How do I run uWSGI as a limited-access user?
Asked Answered
G

2

6

I have Django setup in NGINX + uWSGI. I'm able to get it running fine under my current logged in user (with help from a question I asked few days back) but now I want to run uwsgi --ini uwsgi.ini as a limited-access user.

Here is what I've done so far:
1. Created a user djangouser without login access and without a home directory.
2. Added user nginx into group djangouser
3. Placed my django files into /mnt/django directory and changed file permissions of django to drwxrwx--- djangouser djangouser (recursive)
4. Changed the conf files to match the file locations

uwsgi.ini file

[uwsgi]
chdir=/mnt/django/project/awssite
module=awssite.wsgi
home=/mnt/django/project
master=true
processes=2
uid=djangouser
gid=djangouser
socket=/mnt/django/djangosocket/awssite.socket
chmod-socket
vacuum=true

When I try to run uwsgi --ini uwsgi.ini, this is the error I get

[uWSGI] getting INI configuration from uwsgi.ini
*** Starting uWSGI 2.0.12 (64bit) on [Thu Feb 18 00:18:25 2016] ***
compiled with version: 4.8.3 20140911 (Red Hat 4.8.3-9) on 01 February 2016 04:17:11
os: Linux-4.1.13-19.31.amzn1.x86_64 #1 SMP Wed Jan 20 00:25:47 UTC 2016
nodename: ip-10-200-1-89
machine: x86_64
clock source: unix
detected number of CPU cores: 1
current working directory: /home/ec2-user
detected binary path: /usr/local/bin/uwsgi
!!! no internal routing support, rebuild with pcre support !!!
chdir() to /mnt/django/project/awssite
chdir(): Permission denied [core/uwsgi.c line 2586]
chdir(): Permission denied [core/uwsgi.c line 1608]

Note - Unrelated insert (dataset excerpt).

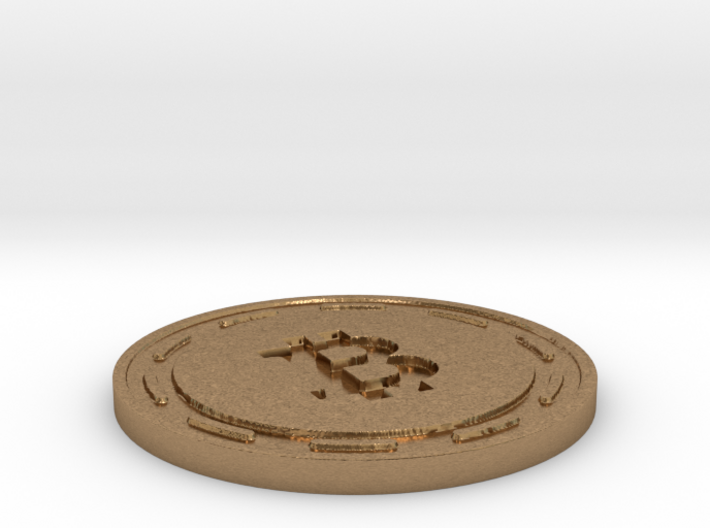 Bitcoin Themed Coaster 3d printed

Note: When I added my logged in user to djangouser group, uwsgi --ini uwsgi.ini ran fine and I was able to load the django pages.

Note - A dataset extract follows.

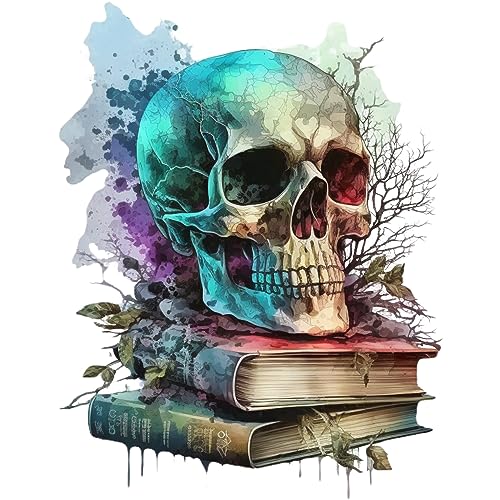 Moohue Stamped Cross Stitch Kits for Adults Clearance Skull 14CT Pre Printed Cross Stitch Kits for Beginners (Skull 2) - color: Skull 2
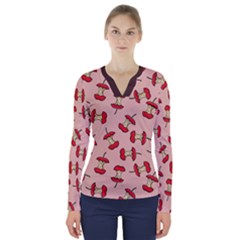 Red Apple Core Funny Retro Pattern Half Eaten On Pastel Orange Background V-neck Long Sleeve Top by genx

I'm not sure where else to add permissions to allow this to work. Adding sudo chown-socket=djangouser:djangouser in uwsgi.ini didn't work either.

I appreciate the help :)

Gd answered 18/2, 2016 at 0:31 Comment(0)
E
4

If you want to run uWSGI as particular user, there are only 2 options:

  1. run uWSGI server directly from this user
  2. run uWSGI as root and add uid and gid options.
Extraterrestrial answered 18/2, 2016 at 0:36 Comment(0)
D
3

You can create a user and set the uid/gid properties in your uwsgi ini file.

[uwsgi] ... uid=myuser gid=mygroup

I tested this with uwsgi version 2.0.12-debian and it worked for a simple cgi app using a python3 virtualenv.